───── Information given

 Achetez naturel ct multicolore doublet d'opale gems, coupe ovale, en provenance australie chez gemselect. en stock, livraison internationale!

──────────
───── Information given

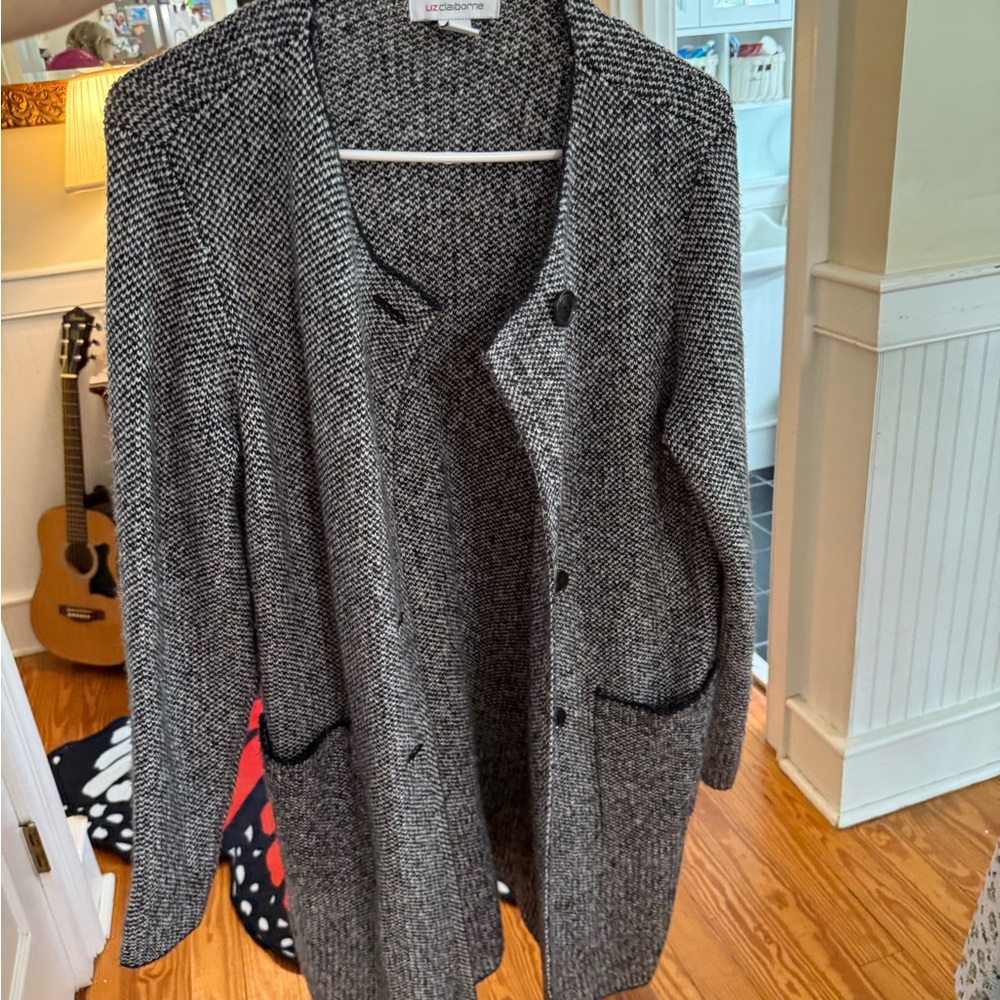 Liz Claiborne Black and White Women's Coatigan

──────────
───── Information given

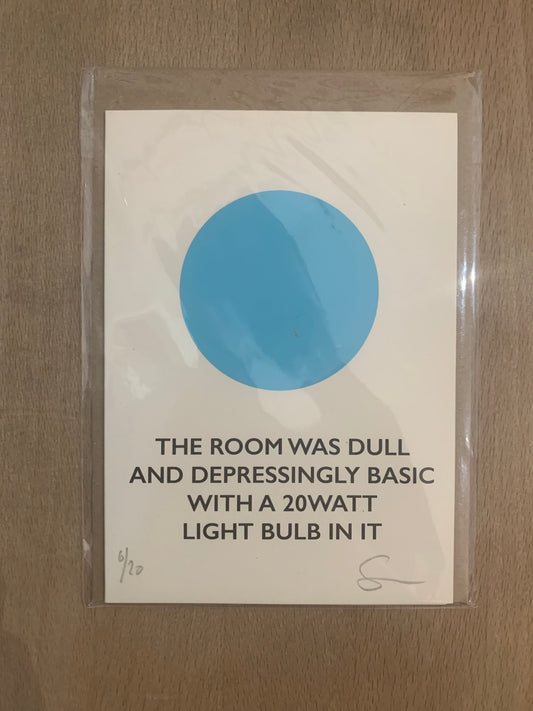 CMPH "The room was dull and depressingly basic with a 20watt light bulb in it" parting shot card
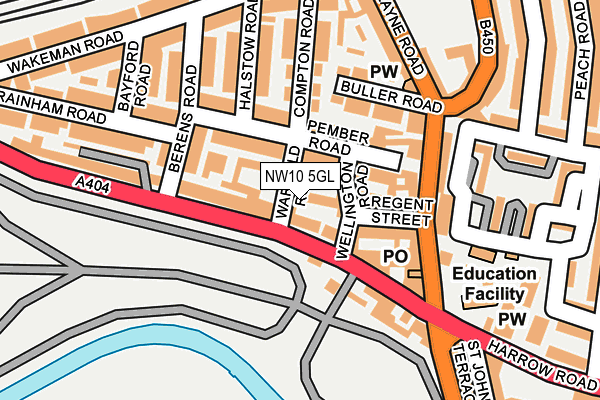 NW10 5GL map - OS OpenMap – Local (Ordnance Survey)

──────────

An exact copy of the lines above from the one with "parting shot card" up to and including the one with "NW10 5GL map" is required; reproduce only those lines, omitting all pictures.

#### Answer to the problem:
 CMPH "The room was dull and depressingly basic with a 20watt light bulb in it" parting shot card
 NW10 5GL map - OS OpenMap – Local (Ordnance Survey)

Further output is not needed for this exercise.